Collection entries
····················

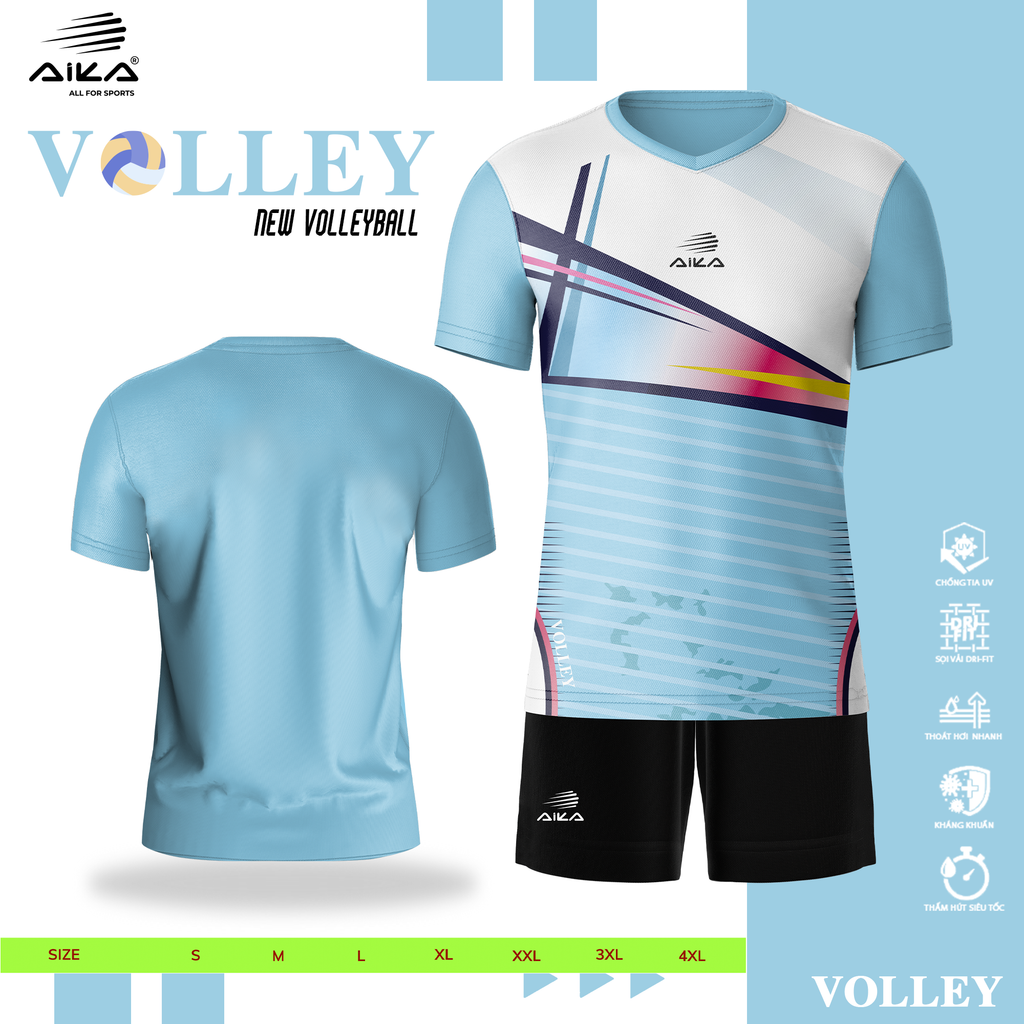 Quần Áo Bóng Chuyền Aika Siêu Tốc 01 - VOLLEY
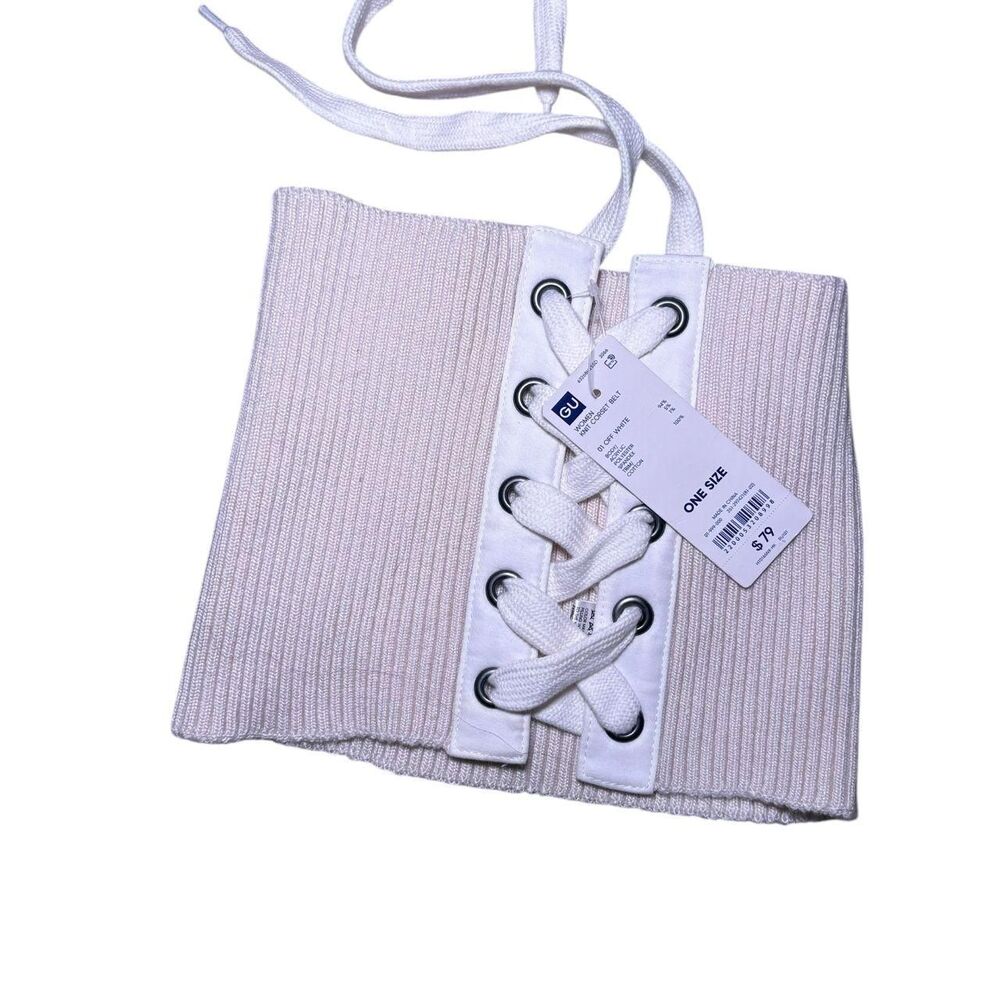 Off-white Women's White and Cream Corset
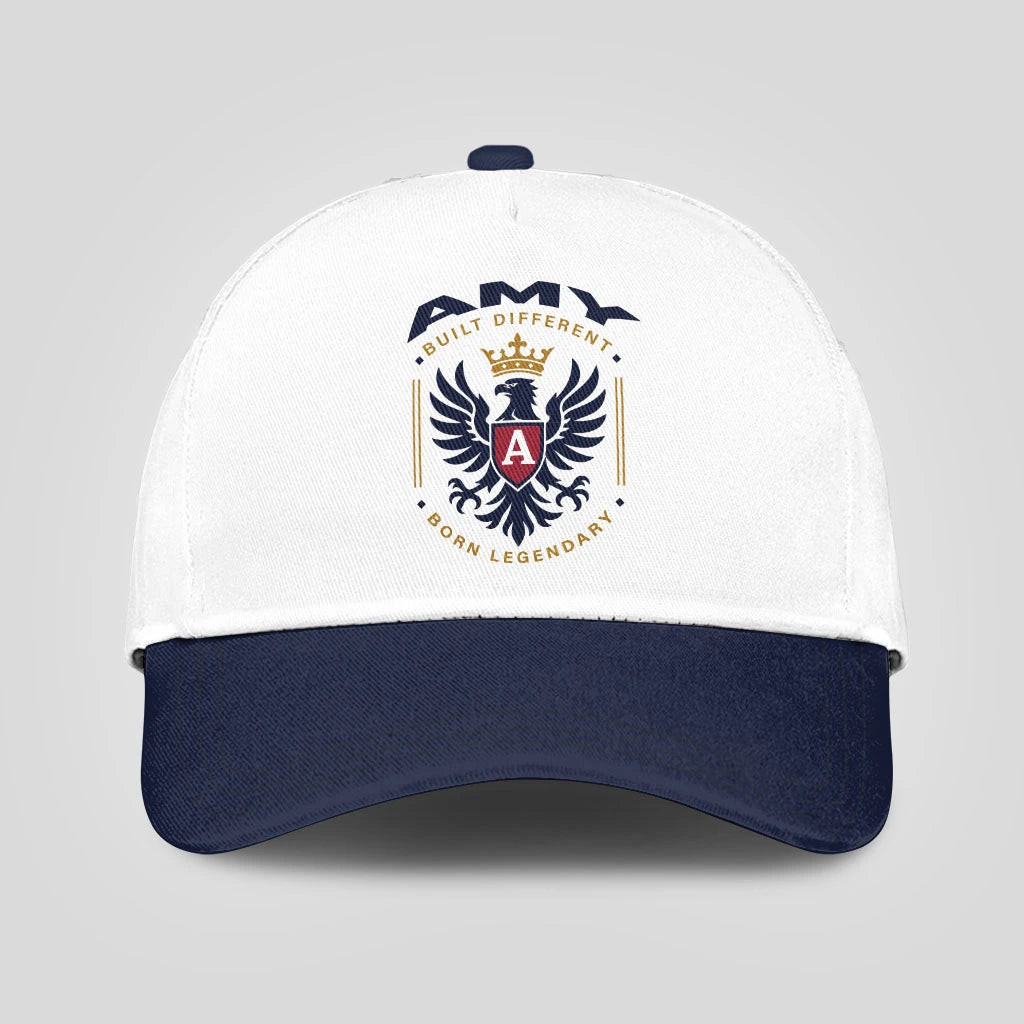 Built Different Born Legendary Elegant Blue And White Cap AMY 13K1 C76PF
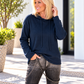 Ripp-Hoodie - marine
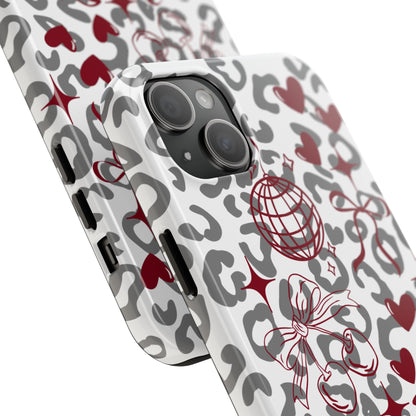 Iphone Case Cherry Leopard
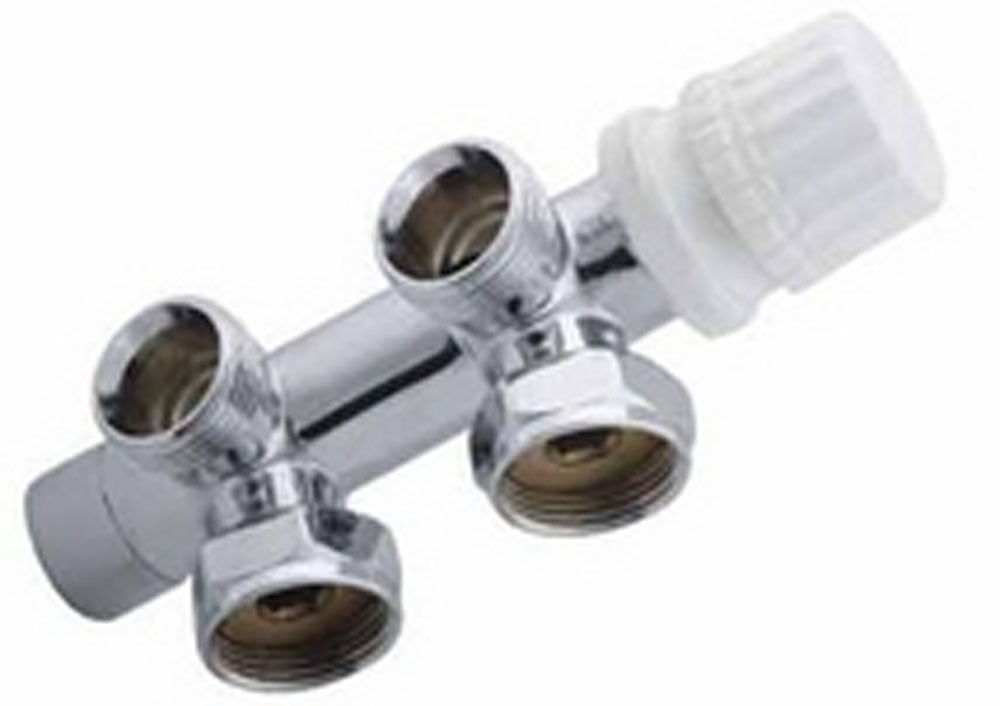 thermostatic 3/4 angled right bottom connection chrome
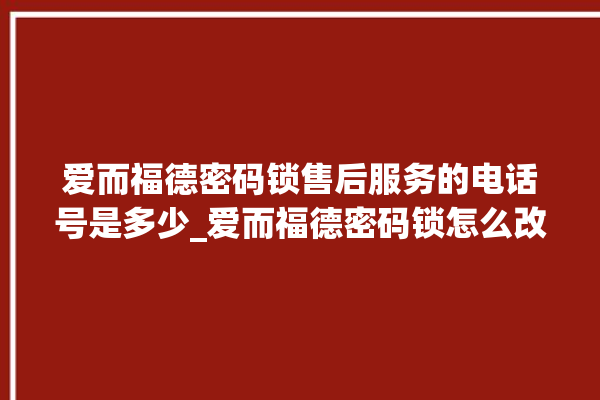 爱而福德密码锁售后服务的电话号是多少_爱而福德密码锁怎么改密码 。密码锁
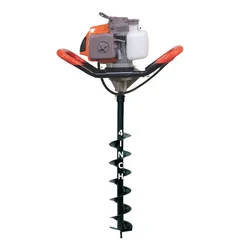 AIVA ITALY 2-stroke 63-cc Earth Auger with 4 inch Auger Bit | AV-6300EA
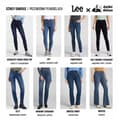 Miniatyrbild 9 av 9: Lee Scarlett High Breese Dam High Slim Jeans W29 L33
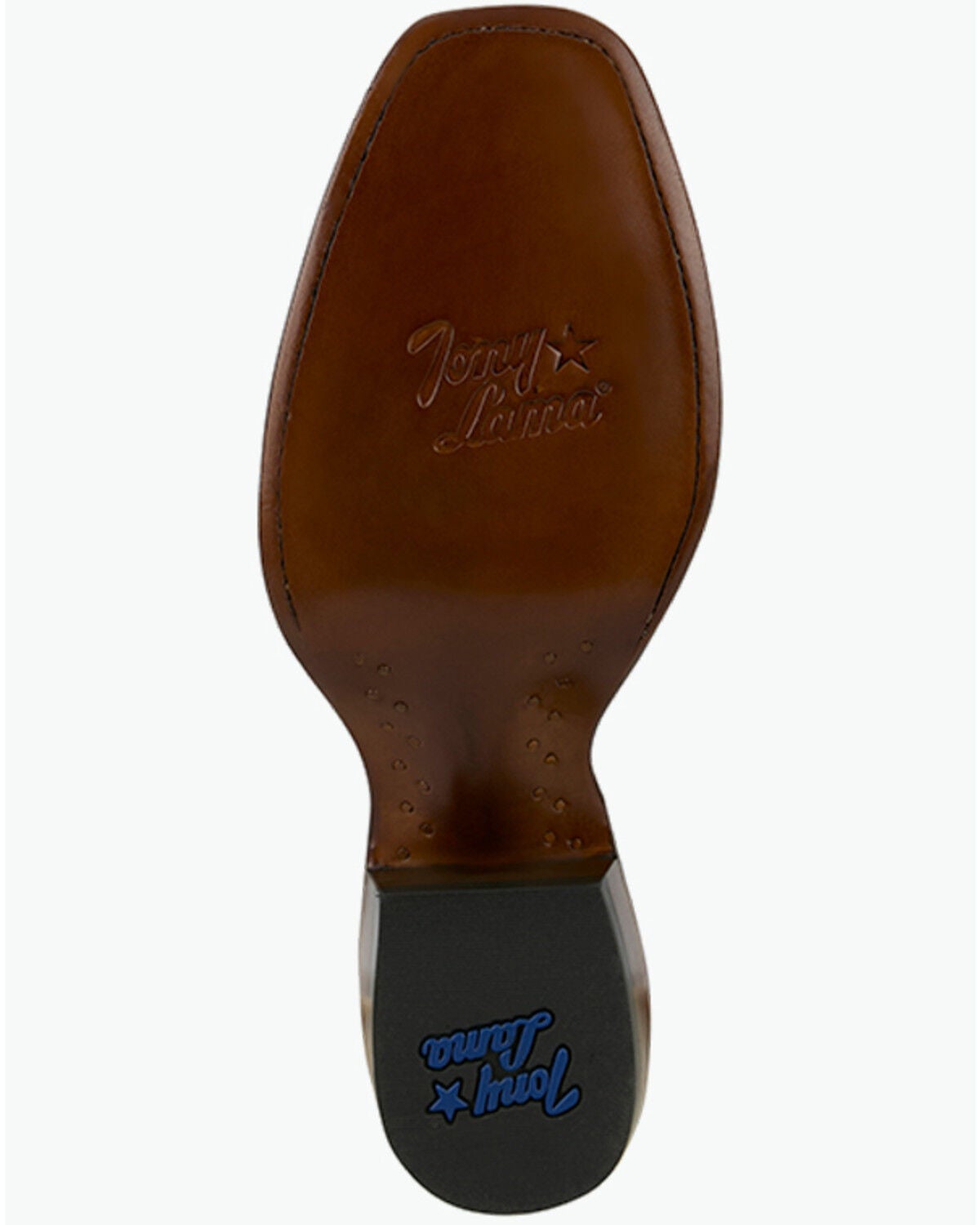 Image #7 - Tony Lama Men's Ranchero Tyler Exotic Ostrich Western Boots - Square Toe, Brown, hi-res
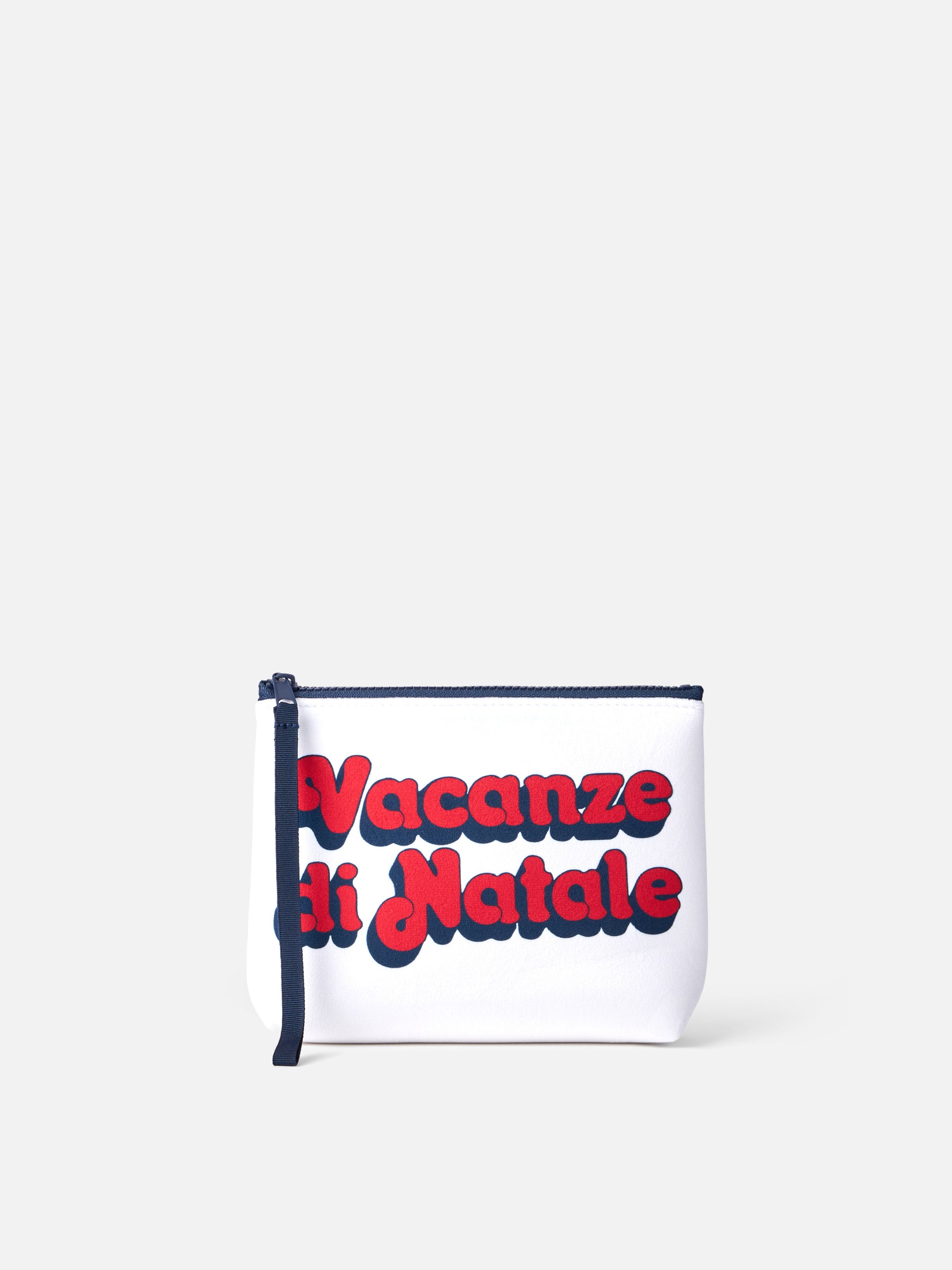 Wooly pochette Aline with Vacanze di Natale print | VACANZE DI NATALE SPECIAL EDITION - MC2 Saint Barth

····················

* TASK DIRECTIONS:
Each line from the one holding "thermostatic 3/4 angled" through the last line of the records above must be duplicated exactly, and pictures must not be.

* EXERCISE OUTPUT:
 thermostatic 3/4 angled right bottom connection chrome
 爱而福德密码锁售后服务的电话号是多少_爱而福德密码锁怎么改密码 。密码锁
 AIVA ITALY 2-stroke 63-cc Earth Auger with 4 inch Auger Bit | AV-6300EA
 Miniatyrbild 9 av 9: Lee Scarlett High Breese Dam High Slim Jeans W29 L33
 Image #7 - Tony Lama Men's Ranchero Tyler Exotic Ostrich Western Boots - Square Toe, Brown, hi-res
 Wooly pochette Aline with Vacanze di Natale print | VACANZE DI NATALE SPECIAL EDITION - MC2 Saint Barth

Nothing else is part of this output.